Work to be completed: Every line of the entries below from the one containing "Used 2025 Toyota Corolla LE FWD image 6" to the one containing "Foreclosed Home - 2225 CYRIS ST, 28609", both ends included, must be written out exactly. No other line belongs in the answer.

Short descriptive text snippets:

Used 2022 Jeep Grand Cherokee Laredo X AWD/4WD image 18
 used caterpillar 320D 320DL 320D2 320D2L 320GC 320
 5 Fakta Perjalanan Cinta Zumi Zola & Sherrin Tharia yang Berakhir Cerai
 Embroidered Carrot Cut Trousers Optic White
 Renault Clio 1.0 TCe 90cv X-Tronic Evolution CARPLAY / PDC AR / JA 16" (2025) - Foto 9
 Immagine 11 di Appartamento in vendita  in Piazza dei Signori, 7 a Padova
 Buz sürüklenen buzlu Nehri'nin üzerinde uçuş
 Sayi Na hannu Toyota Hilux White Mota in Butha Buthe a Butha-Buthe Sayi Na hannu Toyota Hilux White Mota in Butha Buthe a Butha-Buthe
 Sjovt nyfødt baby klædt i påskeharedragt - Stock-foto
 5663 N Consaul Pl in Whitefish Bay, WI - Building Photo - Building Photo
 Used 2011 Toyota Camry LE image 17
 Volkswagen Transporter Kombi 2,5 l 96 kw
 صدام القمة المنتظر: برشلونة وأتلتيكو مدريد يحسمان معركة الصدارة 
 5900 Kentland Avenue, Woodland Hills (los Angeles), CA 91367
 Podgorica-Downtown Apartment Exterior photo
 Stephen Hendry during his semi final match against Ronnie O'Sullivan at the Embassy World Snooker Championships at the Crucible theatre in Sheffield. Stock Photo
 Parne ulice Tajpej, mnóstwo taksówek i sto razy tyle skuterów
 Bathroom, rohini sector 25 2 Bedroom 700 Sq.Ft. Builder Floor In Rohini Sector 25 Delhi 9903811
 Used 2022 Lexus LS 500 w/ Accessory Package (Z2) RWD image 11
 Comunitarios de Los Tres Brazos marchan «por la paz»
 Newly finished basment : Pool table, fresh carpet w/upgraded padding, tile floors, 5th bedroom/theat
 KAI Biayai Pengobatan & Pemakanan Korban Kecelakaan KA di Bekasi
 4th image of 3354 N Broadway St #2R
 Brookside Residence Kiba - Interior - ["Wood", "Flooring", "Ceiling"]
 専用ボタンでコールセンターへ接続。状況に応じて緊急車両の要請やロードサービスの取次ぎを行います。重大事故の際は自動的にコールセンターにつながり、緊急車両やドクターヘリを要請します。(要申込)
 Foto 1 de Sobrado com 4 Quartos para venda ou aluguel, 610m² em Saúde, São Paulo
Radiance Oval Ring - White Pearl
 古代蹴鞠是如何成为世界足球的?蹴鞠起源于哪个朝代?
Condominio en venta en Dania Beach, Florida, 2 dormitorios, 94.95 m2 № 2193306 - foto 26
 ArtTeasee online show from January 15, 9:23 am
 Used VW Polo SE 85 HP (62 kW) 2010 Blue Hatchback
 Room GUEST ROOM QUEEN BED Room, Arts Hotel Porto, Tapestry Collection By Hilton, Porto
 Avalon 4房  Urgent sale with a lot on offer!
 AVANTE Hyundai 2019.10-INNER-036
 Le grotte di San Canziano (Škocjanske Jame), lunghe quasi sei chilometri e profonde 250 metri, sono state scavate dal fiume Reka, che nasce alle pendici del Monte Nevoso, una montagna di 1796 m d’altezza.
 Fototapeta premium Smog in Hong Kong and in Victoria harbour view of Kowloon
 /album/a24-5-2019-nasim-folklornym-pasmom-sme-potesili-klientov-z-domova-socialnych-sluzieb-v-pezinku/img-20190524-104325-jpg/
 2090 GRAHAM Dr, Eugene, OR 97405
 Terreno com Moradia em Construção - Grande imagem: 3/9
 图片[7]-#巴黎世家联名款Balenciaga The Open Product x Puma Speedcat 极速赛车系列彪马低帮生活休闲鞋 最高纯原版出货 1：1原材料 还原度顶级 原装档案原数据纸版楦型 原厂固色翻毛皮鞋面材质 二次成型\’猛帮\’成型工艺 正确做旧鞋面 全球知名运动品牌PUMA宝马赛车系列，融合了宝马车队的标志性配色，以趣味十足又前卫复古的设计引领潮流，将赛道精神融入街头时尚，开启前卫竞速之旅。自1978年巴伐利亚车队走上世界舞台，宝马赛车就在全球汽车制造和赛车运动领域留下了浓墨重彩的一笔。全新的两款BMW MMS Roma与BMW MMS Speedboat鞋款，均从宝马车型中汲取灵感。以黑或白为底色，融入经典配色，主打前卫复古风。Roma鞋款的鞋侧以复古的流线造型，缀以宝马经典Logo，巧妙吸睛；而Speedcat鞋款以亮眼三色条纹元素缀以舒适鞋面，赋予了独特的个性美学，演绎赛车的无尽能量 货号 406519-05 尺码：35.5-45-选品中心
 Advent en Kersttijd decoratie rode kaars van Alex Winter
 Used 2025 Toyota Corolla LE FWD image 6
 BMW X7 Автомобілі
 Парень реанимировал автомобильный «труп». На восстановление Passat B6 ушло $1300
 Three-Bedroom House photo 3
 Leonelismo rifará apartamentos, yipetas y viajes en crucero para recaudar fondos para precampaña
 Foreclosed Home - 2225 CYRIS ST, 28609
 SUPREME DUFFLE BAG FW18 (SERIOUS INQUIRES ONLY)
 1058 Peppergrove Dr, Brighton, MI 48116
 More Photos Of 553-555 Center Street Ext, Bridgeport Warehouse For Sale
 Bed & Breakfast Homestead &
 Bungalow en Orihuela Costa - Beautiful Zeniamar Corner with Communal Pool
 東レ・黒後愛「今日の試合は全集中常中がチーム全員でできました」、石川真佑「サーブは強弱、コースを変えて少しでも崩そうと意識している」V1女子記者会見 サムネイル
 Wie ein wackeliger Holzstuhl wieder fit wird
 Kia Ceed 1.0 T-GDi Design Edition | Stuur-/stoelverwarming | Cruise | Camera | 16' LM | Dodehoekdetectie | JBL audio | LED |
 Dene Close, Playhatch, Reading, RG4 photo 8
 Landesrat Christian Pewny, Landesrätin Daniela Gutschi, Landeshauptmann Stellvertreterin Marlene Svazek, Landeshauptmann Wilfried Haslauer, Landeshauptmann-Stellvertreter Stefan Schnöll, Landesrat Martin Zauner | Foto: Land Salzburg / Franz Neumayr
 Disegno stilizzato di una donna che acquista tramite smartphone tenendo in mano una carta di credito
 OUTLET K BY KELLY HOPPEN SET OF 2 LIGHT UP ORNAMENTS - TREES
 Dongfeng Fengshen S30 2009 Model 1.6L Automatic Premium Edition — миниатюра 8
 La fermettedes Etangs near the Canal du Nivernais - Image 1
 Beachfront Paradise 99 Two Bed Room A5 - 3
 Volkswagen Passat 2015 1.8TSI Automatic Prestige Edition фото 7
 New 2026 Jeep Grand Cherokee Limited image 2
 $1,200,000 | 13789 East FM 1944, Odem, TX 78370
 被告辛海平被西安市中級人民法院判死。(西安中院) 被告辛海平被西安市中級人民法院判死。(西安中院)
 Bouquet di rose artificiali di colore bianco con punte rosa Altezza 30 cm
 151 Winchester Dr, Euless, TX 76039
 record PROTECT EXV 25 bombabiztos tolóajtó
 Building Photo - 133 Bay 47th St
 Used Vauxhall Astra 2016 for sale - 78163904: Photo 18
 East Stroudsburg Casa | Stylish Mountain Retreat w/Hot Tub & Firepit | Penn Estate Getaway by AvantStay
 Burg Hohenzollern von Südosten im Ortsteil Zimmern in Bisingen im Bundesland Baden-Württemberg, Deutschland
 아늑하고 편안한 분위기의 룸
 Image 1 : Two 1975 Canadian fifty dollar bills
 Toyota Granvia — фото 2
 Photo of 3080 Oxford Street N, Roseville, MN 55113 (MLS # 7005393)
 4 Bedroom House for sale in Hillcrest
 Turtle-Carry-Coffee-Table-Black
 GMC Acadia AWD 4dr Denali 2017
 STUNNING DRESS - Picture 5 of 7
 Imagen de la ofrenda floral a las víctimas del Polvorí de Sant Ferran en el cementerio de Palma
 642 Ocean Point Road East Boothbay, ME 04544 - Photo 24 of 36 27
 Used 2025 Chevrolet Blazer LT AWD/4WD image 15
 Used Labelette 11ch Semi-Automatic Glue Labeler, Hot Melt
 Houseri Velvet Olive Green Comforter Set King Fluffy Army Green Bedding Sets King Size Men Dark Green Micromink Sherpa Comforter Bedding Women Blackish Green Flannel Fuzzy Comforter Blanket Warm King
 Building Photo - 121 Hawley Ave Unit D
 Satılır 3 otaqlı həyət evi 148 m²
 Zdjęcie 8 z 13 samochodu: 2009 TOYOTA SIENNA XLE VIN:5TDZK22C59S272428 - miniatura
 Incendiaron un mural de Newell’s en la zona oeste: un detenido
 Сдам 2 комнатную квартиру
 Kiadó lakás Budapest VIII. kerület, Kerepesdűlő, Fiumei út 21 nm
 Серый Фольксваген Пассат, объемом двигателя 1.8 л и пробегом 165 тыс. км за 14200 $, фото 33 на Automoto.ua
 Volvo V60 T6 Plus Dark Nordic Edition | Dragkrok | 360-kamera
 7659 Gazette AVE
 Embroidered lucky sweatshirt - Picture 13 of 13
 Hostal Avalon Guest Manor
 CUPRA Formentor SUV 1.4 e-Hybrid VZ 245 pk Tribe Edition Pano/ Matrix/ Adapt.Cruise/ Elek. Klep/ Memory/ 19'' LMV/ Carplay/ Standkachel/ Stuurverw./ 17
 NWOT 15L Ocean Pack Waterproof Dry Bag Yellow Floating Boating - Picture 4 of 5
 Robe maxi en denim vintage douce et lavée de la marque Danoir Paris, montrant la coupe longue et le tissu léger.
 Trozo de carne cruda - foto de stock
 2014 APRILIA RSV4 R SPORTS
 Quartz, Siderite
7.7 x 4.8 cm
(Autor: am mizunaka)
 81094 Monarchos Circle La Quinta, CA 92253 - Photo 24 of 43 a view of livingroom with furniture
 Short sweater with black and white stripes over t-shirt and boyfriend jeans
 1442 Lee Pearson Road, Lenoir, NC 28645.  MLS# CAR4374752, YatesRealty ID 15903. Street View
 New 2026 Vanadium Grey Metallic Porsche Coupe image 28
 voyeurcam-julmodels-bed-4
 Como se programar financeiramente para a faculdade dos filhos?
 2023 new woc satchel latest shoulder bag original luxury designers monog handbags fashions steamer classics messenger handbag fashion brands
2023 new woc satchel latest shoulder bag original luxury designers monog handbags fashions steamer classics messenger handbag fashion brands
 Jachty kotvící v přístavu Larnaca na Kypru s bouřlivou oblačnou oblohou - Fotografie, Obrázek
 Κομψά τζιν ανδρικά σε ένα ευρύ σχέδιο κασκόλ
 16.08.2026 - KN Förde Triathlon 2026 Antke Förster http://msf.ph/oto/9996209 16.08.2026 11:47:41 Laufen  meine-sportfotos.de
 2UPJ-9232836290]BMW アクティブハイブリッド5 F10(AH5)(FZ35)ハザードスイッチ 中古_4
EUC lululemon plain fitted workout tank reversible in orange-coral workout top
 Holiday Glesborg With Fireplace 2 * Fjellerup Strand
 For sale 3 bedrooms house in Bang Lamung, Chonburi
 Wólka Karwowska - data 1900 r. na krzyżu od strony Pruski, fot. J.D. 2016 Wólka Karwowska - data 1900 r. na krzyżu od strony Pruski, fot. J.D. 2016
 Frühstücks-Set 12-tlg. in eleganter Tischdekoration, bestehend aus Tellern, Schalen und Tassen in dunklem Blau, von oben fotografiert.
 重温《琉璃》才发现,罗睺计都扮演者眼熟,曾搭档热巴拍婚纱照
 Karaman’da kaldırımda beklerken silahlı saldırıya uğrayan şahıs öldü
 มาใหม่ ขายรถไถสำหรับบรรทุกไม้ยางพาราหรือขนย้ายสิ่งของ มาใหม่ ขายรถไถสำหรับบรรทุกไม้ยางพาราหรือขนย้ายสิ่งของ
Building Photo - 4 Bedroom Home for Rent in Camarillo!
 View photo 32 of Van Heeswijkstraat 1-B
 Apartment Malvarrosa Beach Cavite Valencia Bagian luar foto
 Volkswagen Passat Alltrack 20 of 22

Output of the task:
 Used 2025 Toyota Corolla LE FWD image 6
 BMW X7 Автомобілі
 Парень реанимировал автомобильный «труп». На восстановление Passat B6 ушло $1300
 Three-Bedroom House photo 3
 Leonelismo rifará apartamentos, yipetas y viajes en crucero para recaudar fondos para precampaña
 Foreclosed Home - 2225 CYRIS ST, 28609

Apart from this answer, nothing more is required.